Although the data below contains pictures, please reproduce only its words, exactly.

SUPPLIED MATERIAL: Begin

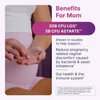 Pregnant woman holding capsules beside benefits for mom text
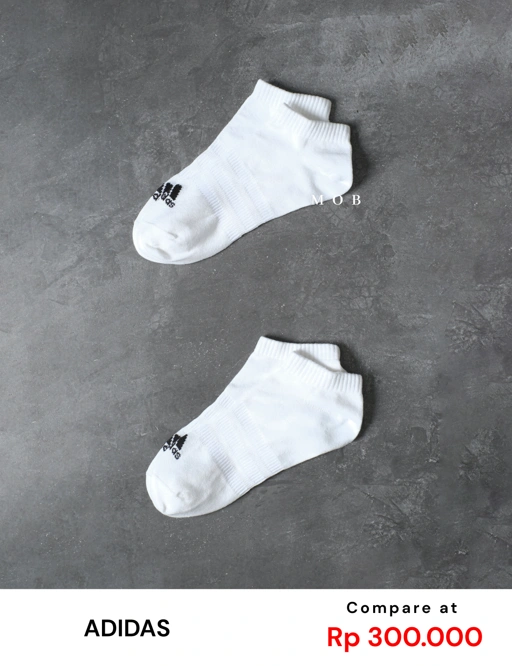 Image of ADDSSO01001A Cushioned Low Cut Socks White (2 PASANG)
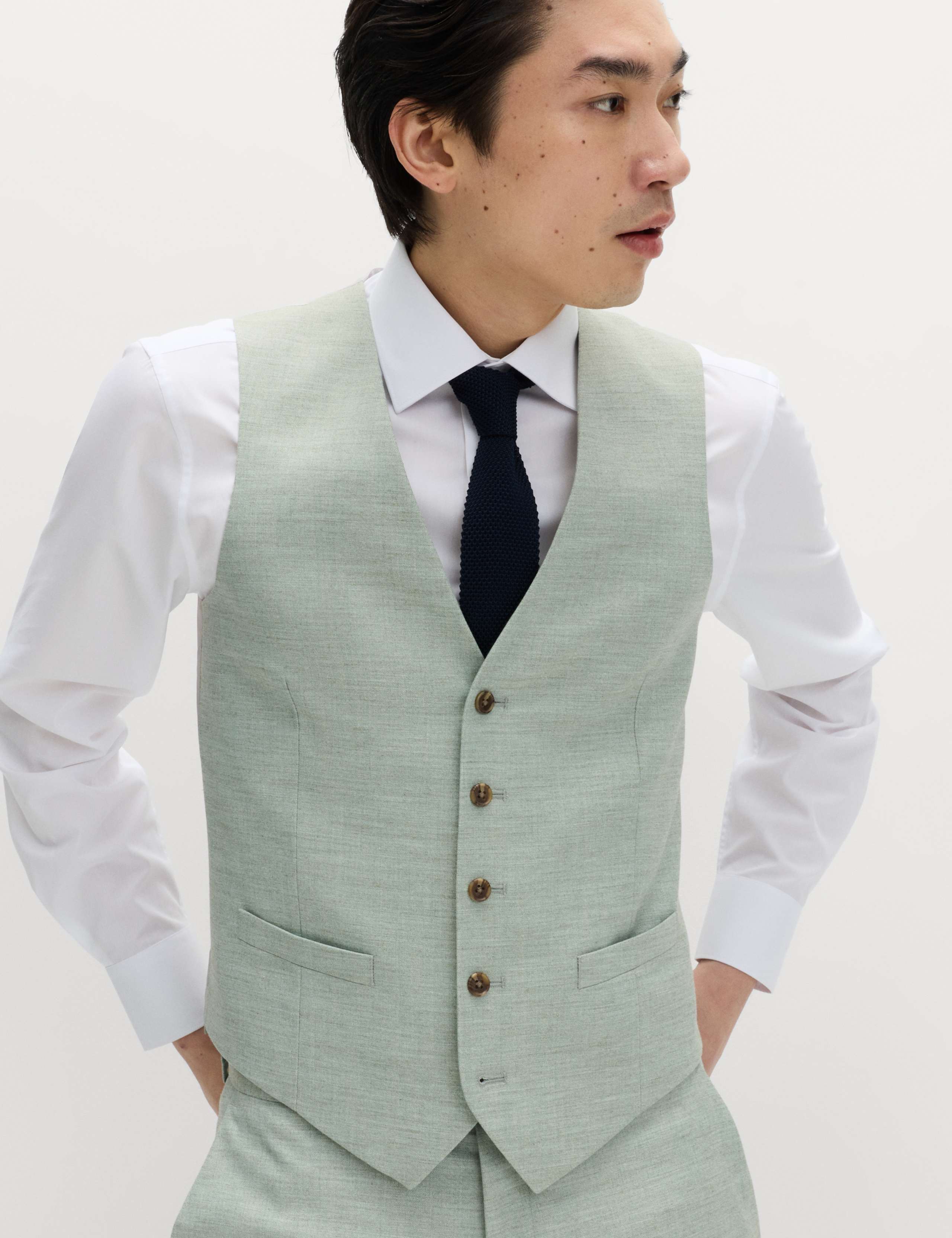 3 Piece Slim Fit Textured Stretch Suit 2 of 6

SUPPLIED MATERIAL: End

» REPLY:
 Pregnant woman holding capsules beside benefits for mom text
 Image of ADDSSO01001A Cushioned Low Cut Socks White (2 PASANG)
 3 Piece Slim Fit Textured Stretch Suit 2 of 6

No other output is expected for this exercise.